Closed achingbrain closed 5 years ago
cc @ipfs/javascript-team
When entry is a directory, does content()
get the files in the directory?
I haven't come across a situation where I needed that, but I can see how it'd be useful, will add that in.
offset
and length
in that case might mean slices of files?
Maybe they should be passed into the content()
function?
E.g.
File:
const exporter = require('ipfs-unixfs-exporter')
for await (const entry of exporter('QmFoo.../bar/baz.txt', ipld)) {
for await (const content of entry.content({
offset: 0,
length: 10
})) {
// content is a buffer with the first 10 bytes of `baz.txt`
}
}
Dir:
const exporter = require('ipfs-unixfs-exporter')
for await (const entry of exporter('QmFoo.../bar', ipld)) {
for await (const entry of entry.content({
offset: 0,
length: 10
})) {
// entry will be one of (up to) the first 10 files in the directory
}
}
When
baz
is a directory
What happens if the maxDepth is greater than the depth?
exporter('/ipfs/Qmfoo/bar/baz', {
maxDepth: 3
})
Will it "emit baz
" or "the files contained in baz
"?
If it "emit baz
"s, then you could use maxDepth: Infinity
to always "emit baz
".
Sharded directories are treated like normal directories.

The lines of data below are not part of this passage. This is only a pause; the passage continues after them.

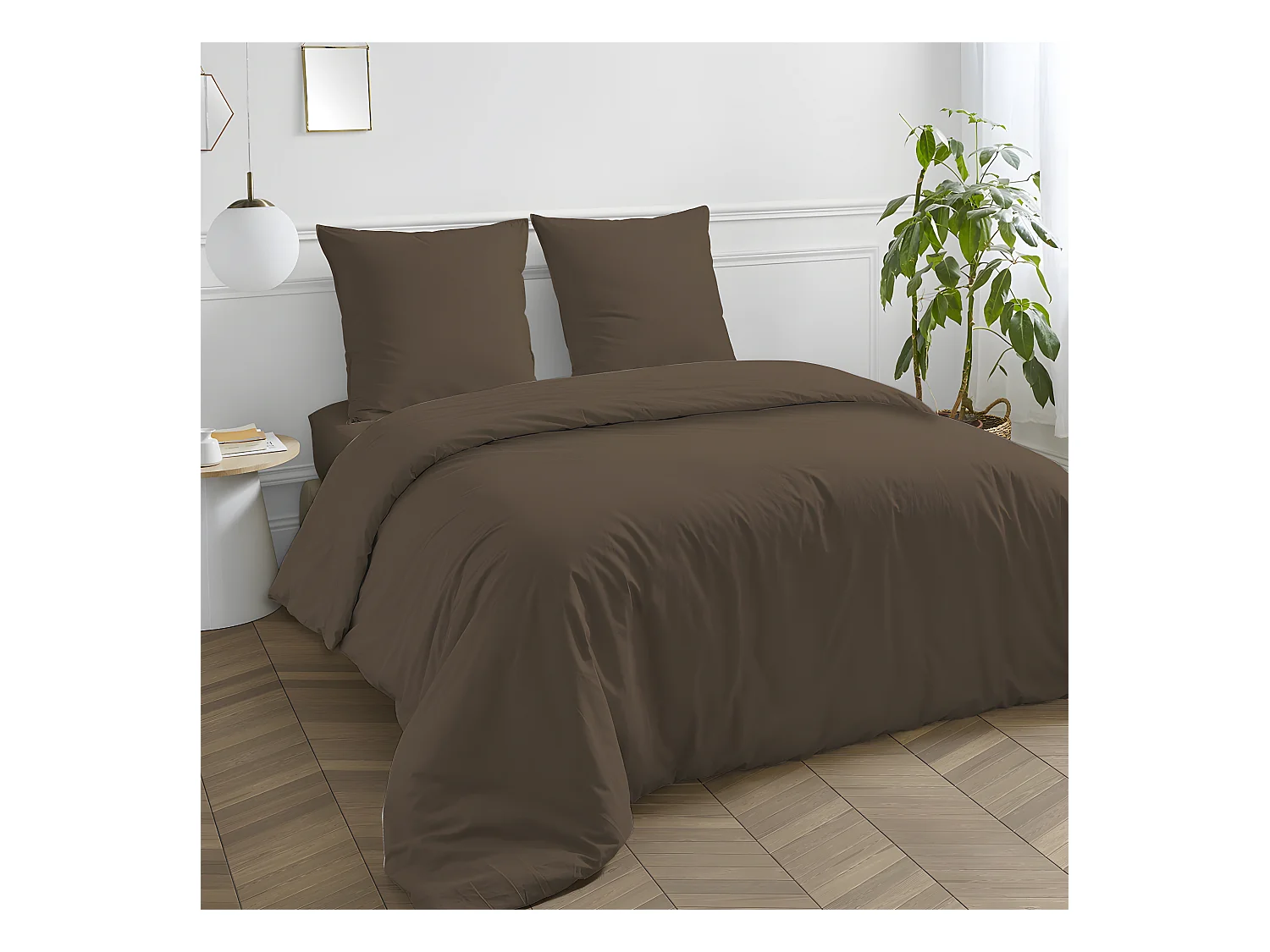 Drap housse en coton 57 fils uni bonnet 25cm taupe 140x200cm
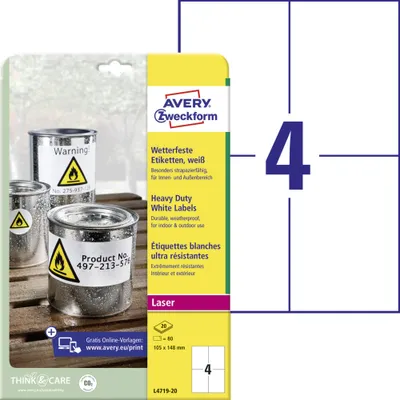 Produktbild von Avery Zweckform L4719-20 Wetterfeste Folien-Etiketten, 105 x 148 mm, 20 Bogen/80 Etiketten, weiß
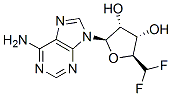 (2R,3R,4S,5S)-2-(6-aminopurin-9-yl)-5-(difluoromethyl)oxolane-3,4-diol Struktur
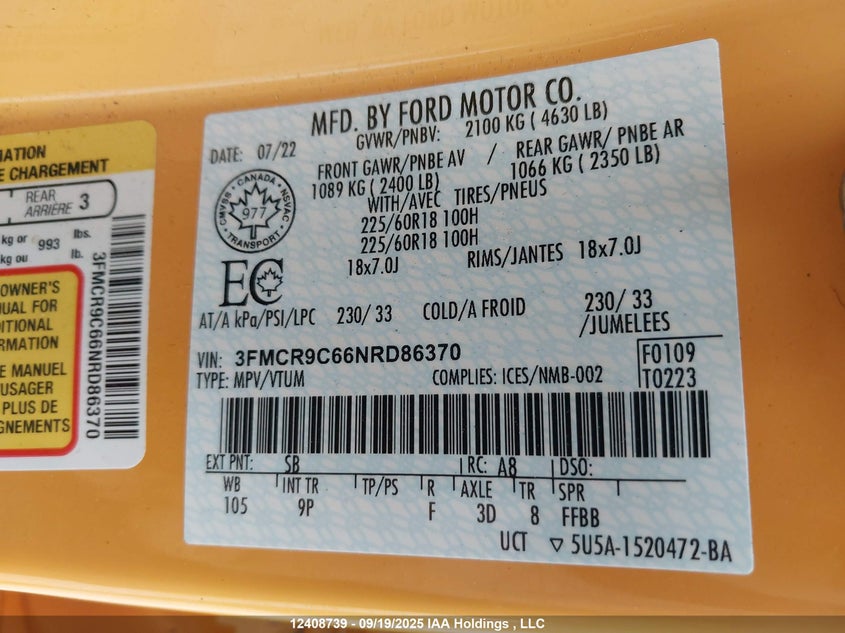 3FMCR9C66NRD86370 2022 FORD BRONCO SPORT photo no. 9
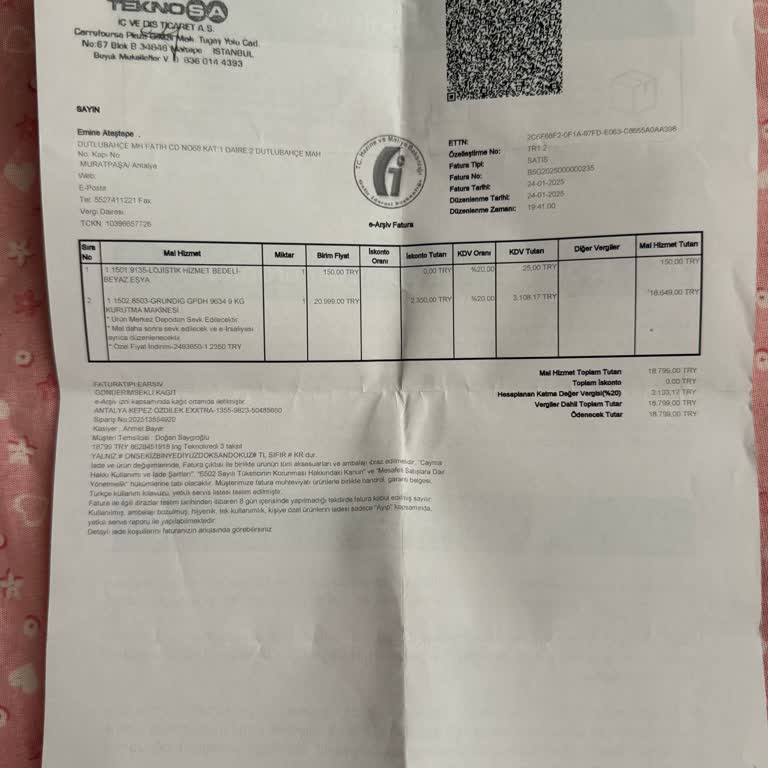 Grundig Kurutma Makinesi İade Sürecinde Mağduriyet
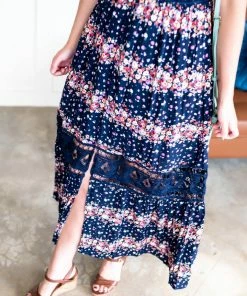 No Ship Drop Ship Apparel Ebb And Flow Maxi Dress In Navy Florals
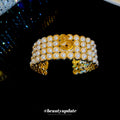 French Vintage Multi Layer Faux Pearl Open Bangle For Women Light Luxury Round Bead Bracelet view 2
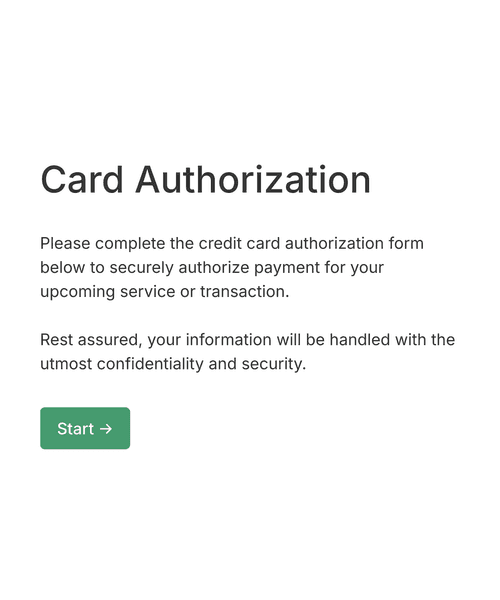 Thumbnail of a credit card authorization form form template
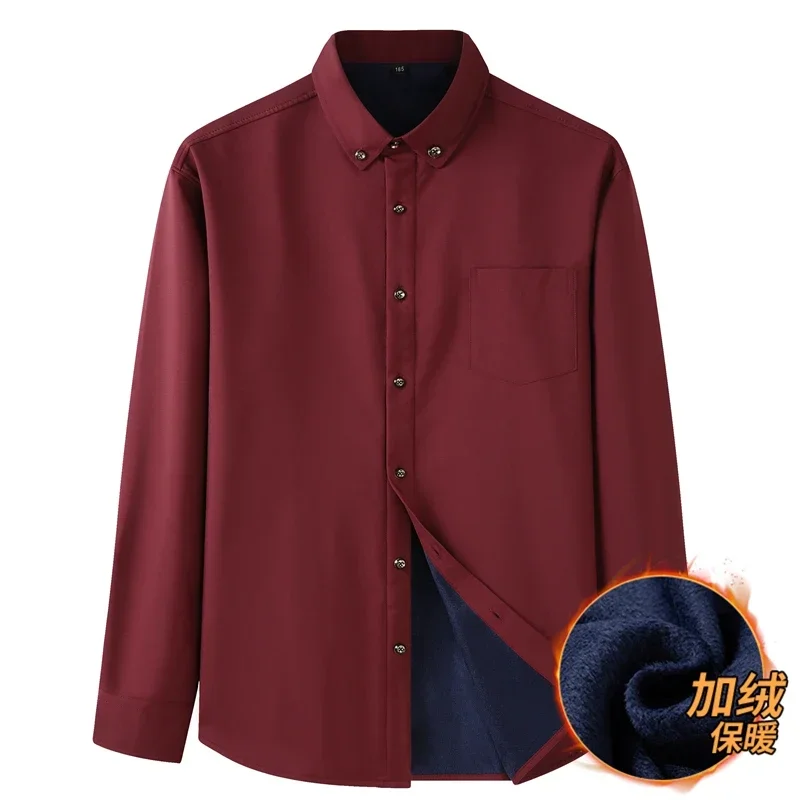 

Men Shirt Fleece Autumn Winter Long Sleeve Plus Size 6XL 7XL 8XL 10XL Oversize Red Casual Warm Formal Flannel Thick High Quality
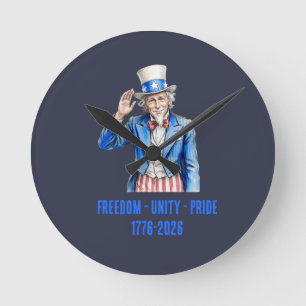 Horloge Ronde Oncle Sam Joyeux 14 juillet Patriotique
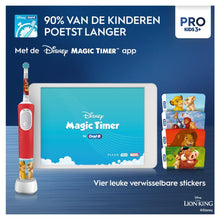 Carica l'immagine nel visualizzatore di Gallery, Oral-B Pro Kids König der Löwen - Spazzolino elettrico per bambini dai 3 anni in su, con modalità Sensitiv+ per la cura 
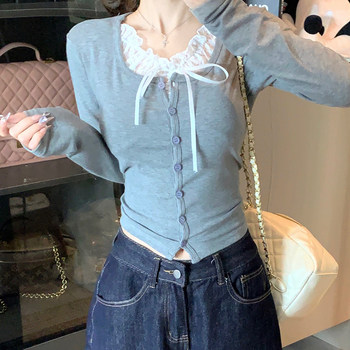 Pure Desire Style Lace Splicing Tie-Up Round Neck Long-Sleeve Faux Two-Piece Women's New Spring Korean Version Slim-Fit Short Top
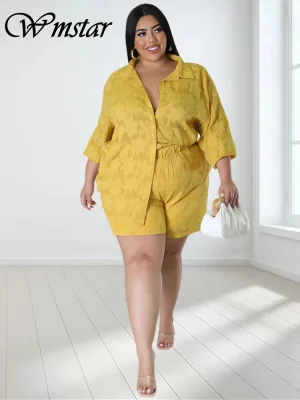 Wmstar Plus Size 2-Piece Summer Set – Loose Shirt & Shorts Tracksuit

That is, they have a type of
directory
.
Just to ensure I got this right: the idea is to hide HAMT structures and always expose flattened one, indistinguishable from regular directory
, right? ("They came here for the files, just give them the files")
What happens if the maxDepth is greater than the depth?
The intention behind maxDepth is to allow halting the graph traversal early. My thinking is if maxDepth is greater than the possible depth, it'll just do what it would have done if you hadn't specified maxDepth, which is the same as the current behaviour. From your example it would emit the files contained in baz
.
The idea is to hide HAMT structures and always expose flattened one, indistinguishable from regular directory, right?
Yes, I just meant that the user wouldn't have to do anything different to extract files from a sharded directory than from a normal one, similar to what it does now, see dir-hamt-sharded.js
and dir-flat.js
.
If people think it's useful we can include a sharded
flag or similar, alternatively you can do ipfs.files.stat(path)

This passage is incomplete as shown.